Task to carry out.
Copy out the lines below that hold the word "with".

Crawled caption data.
- Opening Delimiter -
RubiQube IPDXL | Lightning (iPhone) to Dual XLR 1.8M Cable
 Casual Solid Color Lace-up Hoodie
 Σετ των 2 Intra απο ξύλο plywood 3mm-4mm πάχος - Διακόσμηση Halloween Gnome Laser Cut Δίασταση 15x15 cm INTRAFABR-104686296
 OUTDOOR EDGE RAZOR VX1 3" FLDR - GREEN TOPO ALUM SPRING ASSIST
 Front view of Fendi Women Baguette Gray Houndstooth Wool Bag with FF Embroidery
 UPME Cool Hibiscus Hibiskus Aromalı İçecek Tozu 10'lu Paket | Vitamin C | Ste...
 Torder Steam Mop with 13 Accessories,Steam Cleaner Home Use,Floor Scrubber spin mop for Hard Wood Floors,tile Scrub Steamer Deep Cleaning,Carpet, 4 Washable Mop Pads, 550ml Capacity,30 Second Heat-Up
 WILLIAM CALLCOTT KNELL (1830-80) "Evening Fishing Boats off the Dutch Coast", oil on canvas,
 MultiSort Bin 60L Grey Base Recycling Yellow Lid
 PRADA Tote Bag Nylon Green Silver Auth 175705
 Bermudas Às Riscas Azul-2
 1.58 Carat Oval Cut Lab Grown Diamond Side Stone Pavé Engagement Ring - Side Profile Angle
- Closing Delimiter -
Exercise output.
 Front view of Fendi Women Baguette Gray Houndstooth Wool Bag with FF Embroidery
 Torder Steam Mop with 13 Accessories,Steam Cleaner Home Use,Floor Scrubber spin mop for Hard Wood Floors,tile Scrub Steamer Deep Cleaning,Carpet, 4 Washable Mop Pads, 550ml Capacity,30 Second Heat-Up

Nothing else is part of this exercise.